José Perales Nájera (born 25 May 1993) is a Spanish footballer who plays for San Fernando CD as a goalkeeper.

Club career
Born in Palma de Mallorca, Balearic Islands, Perales was an Atlético Madrid youth graduate. On 19 July 2010, he joined CD Puertollano; initially assigned to the reserves in the regional leagues, he made his first-team debut on 6 March 2011 by coming on as a second-half substitute in a 3–1 Segunda División B away loss against Lucena CF.

In 2012, after spending the vast majority of his spell with the B side, Perales signed for another reserve team, Elche CF Ilicitano of Tercera División. He continued to compete in the third and fourth tiers in the following years, representing CE Constància, CD Atlético Baleares and CD Binissalem.

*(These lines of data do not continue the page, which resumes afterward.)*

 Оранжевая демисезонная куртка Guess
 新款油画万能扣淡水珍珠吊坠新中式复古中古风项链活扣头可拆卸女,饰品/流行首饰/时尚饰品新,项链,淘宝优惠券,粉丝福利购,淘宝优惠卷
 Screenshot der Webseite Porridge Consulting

On 16 July 2016, Perales moved to Gimnàstic de Tarragona's farm team CF Pobla de Mafumet, being also the third choice of the main squad behind Manolo Reina and Stole Dimitrievski. After Reina's departure he was definitely promoted to the first team, and renewed his contract until 2020 on 7 August 2017.

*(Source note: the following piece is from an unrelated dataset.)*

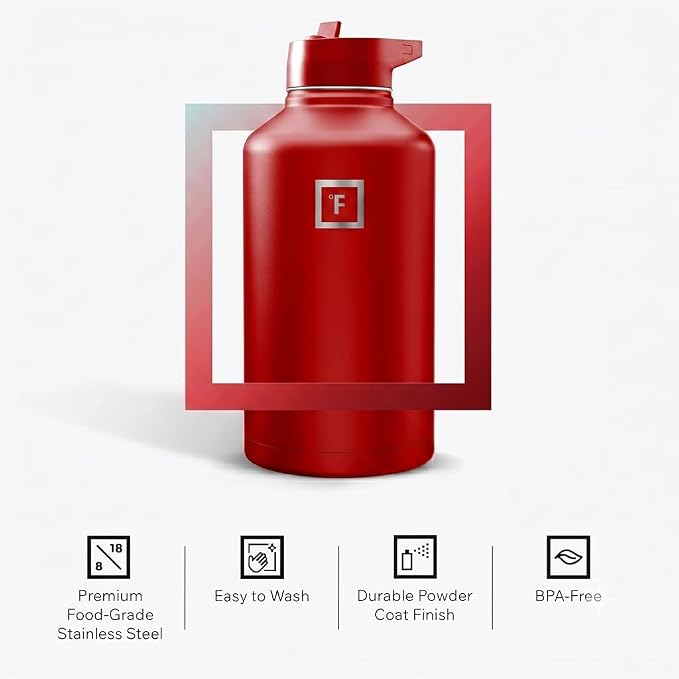 IRON °FLASK 64 oz Wide Mouth Water Bottle with Straw | Insulated Half Gallon Water Bottle with Leakproof Straw Lid - BPA Free, Cold 24 Hrs, Sweat Free (Fire Red)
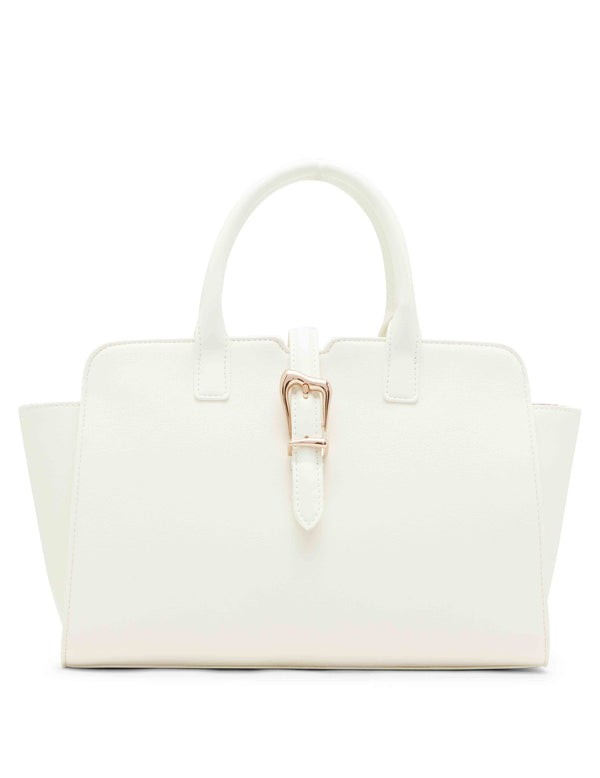 anne klein Sculpted Buckle Satchel & Detachable Strap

Perales made his professional debut on 2 September 2017, starting in a 0–4 home loss against Sporting de Gijón in the Segunda División. The following 13 June, after spending the season playing understudy to both Dimitrievski and Bernabé Barragán, he terminated his contract.

On 20 July 2018, Perales signed with third division club CF Badalona. The following 19 January, he moved abroad and agreed to a one-year deal at FC Dinamo Tbilisi.

References

External links

1993 births
Living people
Spanish footballers
Footballers from Palma de Mallorca
Association football goalkeepers
Segunda División players
Segunda División B players
Tercera División players
Primera Federación players
CD Puertollano footballers
Elche CF Ilicitano footballers
CE Constància players
CD Atlético Baleares footballers
CD Binissalem players
CF Pobla de Mafumet footballers
Gimnàstic de Tarragona footballers
CF Badalona players
San Fernando CD players
Erovnuli Liga players
FC Dinamo Tbilisi players
Spanish expatriate footballers
Expatriate footballers in Georgia (country)
Spanish expatriate sportspeople in Georgia (country)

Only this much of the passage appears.